An exact, complete printout of the listing is wanted, minus its images.

::: Collected data :::

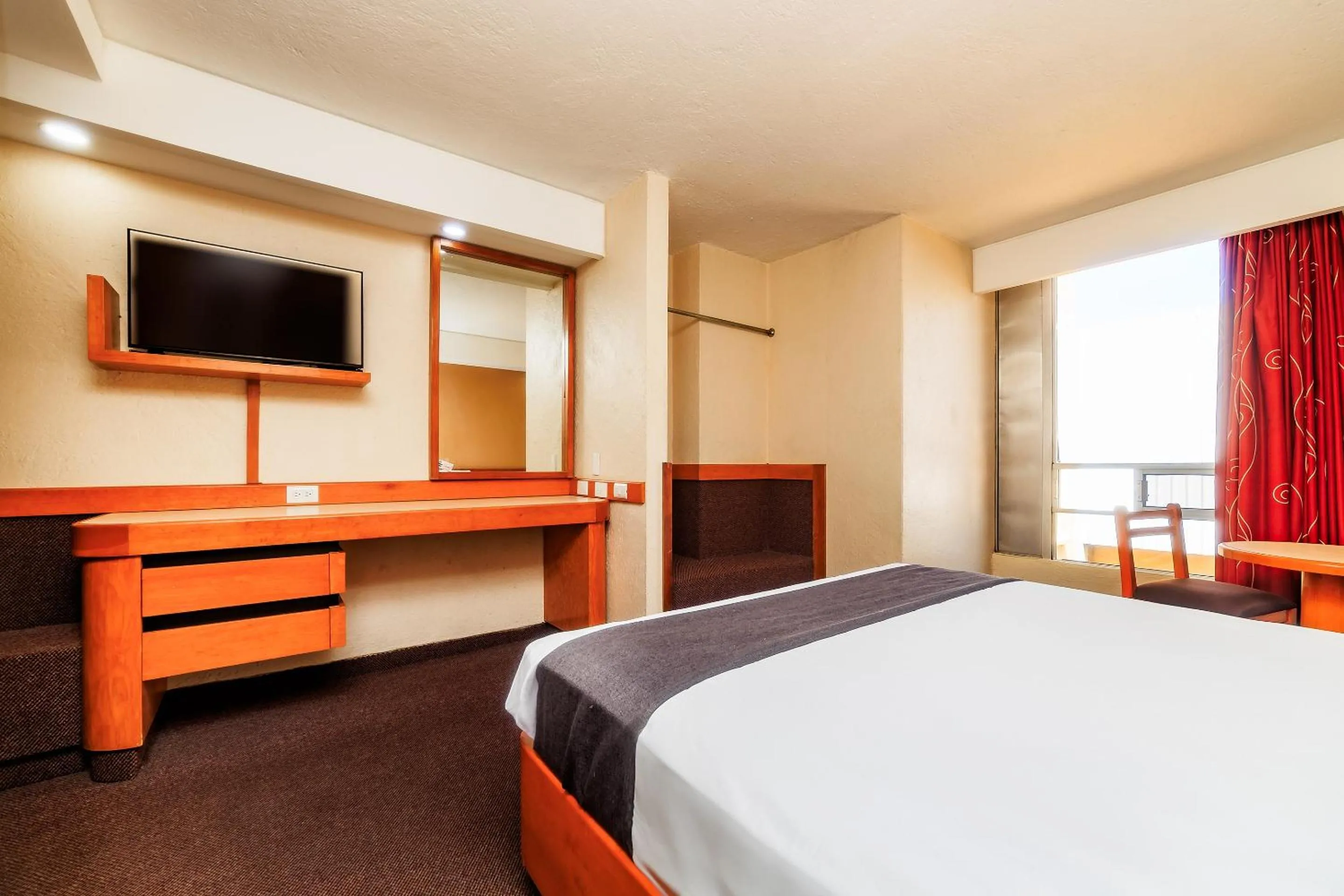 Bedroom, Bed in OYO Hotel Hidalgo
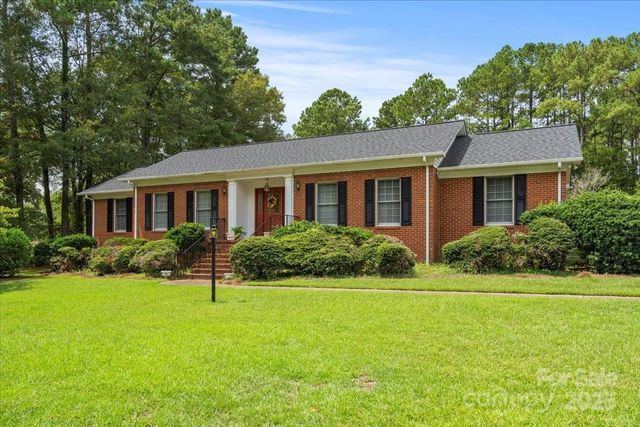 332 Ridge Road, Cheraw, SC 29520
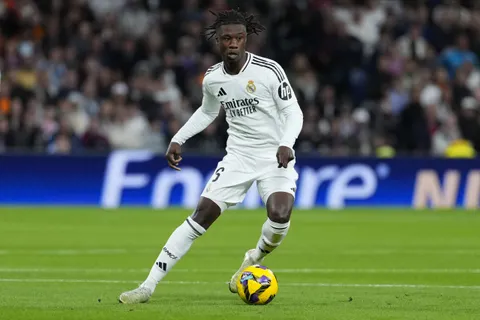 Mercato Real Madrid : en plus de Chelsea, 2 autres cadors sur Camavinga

:::

▶ **Answer box**
 Bedroom, Bed in OYO Hotel Hidalgo
 332 Ridge Road, Cheraw, SC 29520
 Mercato Real Madrid : en plus de Chelsea, 2 autres cadors sur Camavinga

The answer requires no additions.